[Entries supplied]

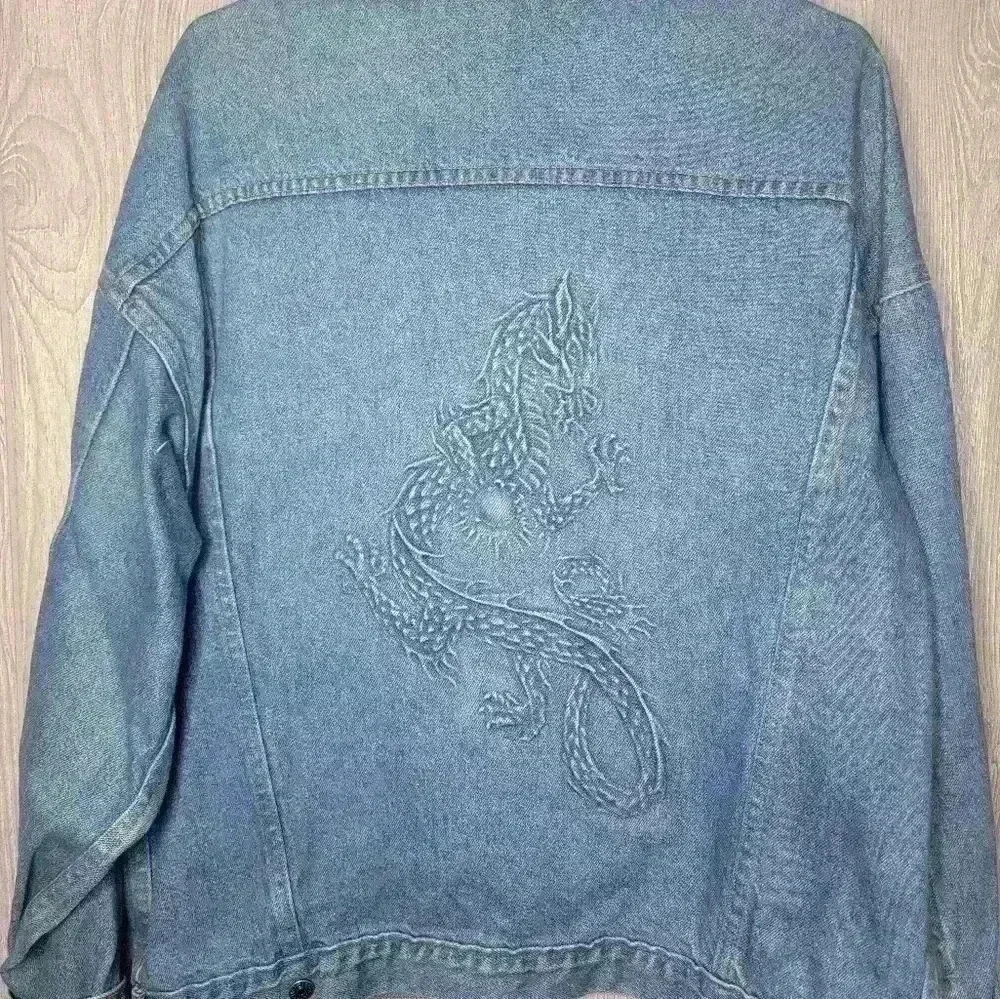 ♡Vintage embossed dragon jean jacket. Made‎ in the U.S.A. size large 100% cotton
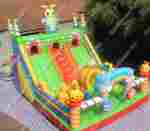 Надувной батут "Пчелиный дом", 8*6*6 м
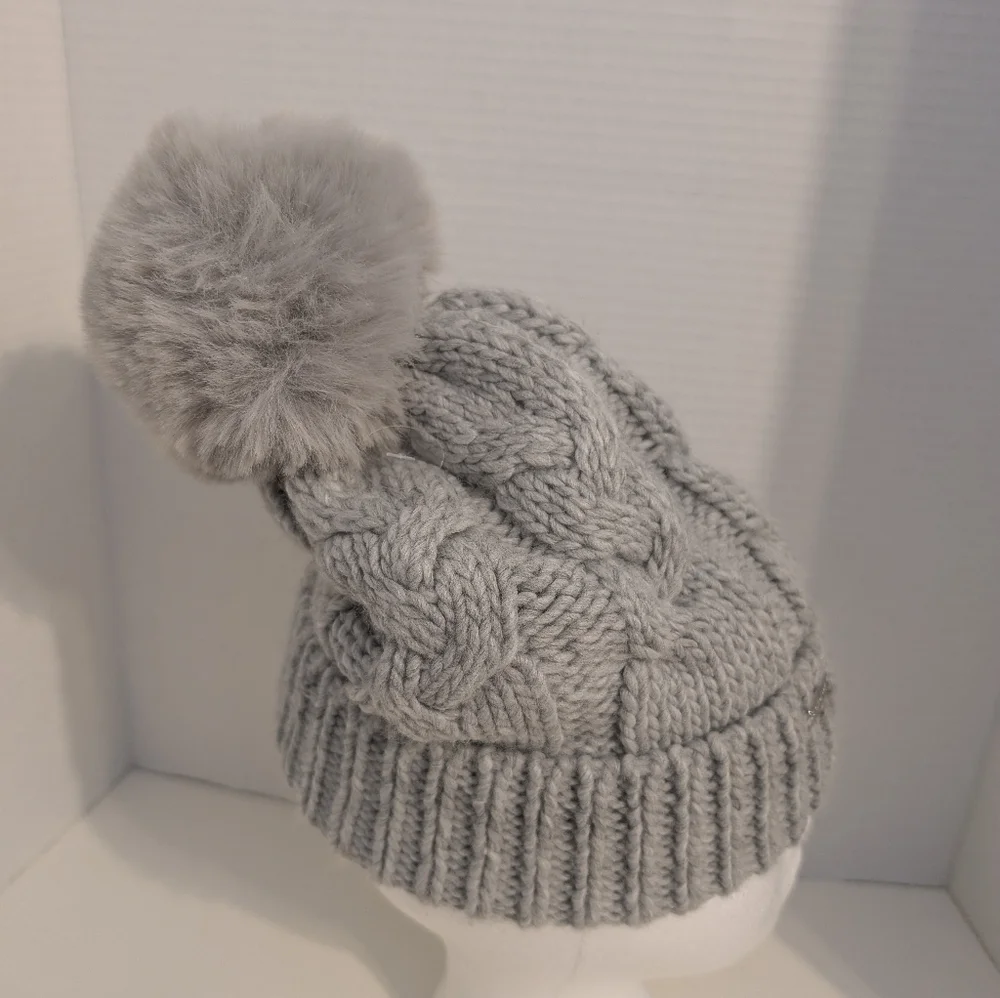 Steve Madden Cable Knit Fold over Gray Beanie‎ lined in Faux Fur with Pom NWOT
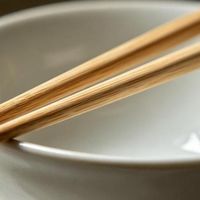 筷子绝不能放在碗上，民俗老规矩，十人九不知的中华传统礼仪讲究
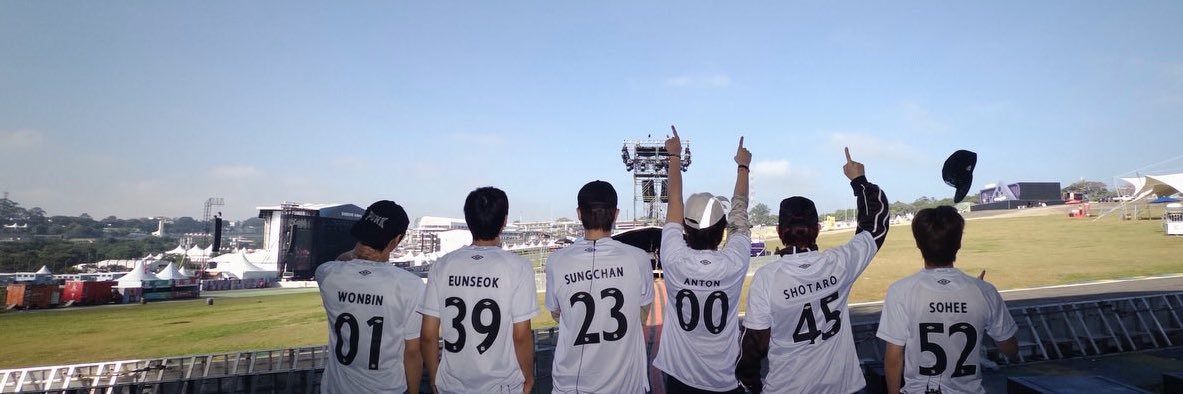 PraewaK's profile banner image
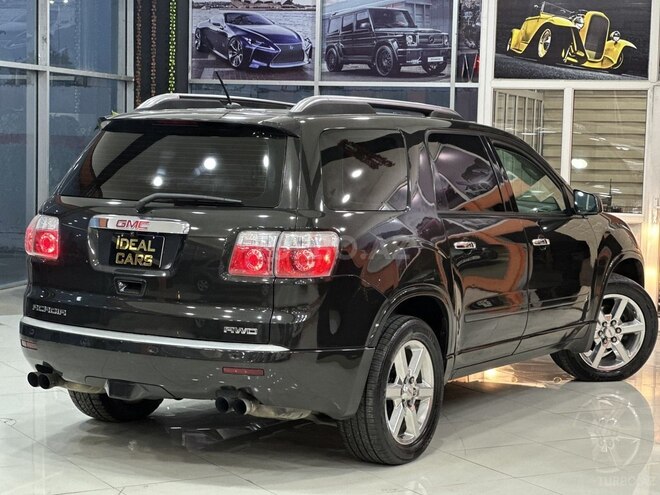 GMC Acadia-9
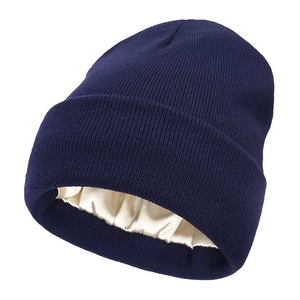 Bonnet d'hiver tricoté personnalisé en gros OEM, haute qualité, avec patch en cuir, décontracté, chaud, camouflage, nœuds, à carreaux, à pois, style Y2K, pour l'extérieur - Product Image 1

[/Entries supplied]

Please copy the data shown above precisely, leaving the images out.

 ♡Vintage embossed dragon jean jacket. Made‎ in the U.S.A. size large 100% cotton
 Надувной батут "Пчелиный дом", 8*6*6 м
 Steve Madden Cable Knit Fold over Gray Beanie‎ lined in Faux Fur with Pom NWOT
 筷子绝不能放在碗上，民俗老规矩，十人九不知的中华传统礼仪讲究
 PraewaK's profile banner image
 GMC Acadia-9
 Bonnet d'hiver tricoté personnalisé en gros OEM, haute qualité, avec patch en cuir, décontracté, chaud, camouflage, nœuds, à carreaux, à pois, style Y2K, pour l'extérieur - Product Image 1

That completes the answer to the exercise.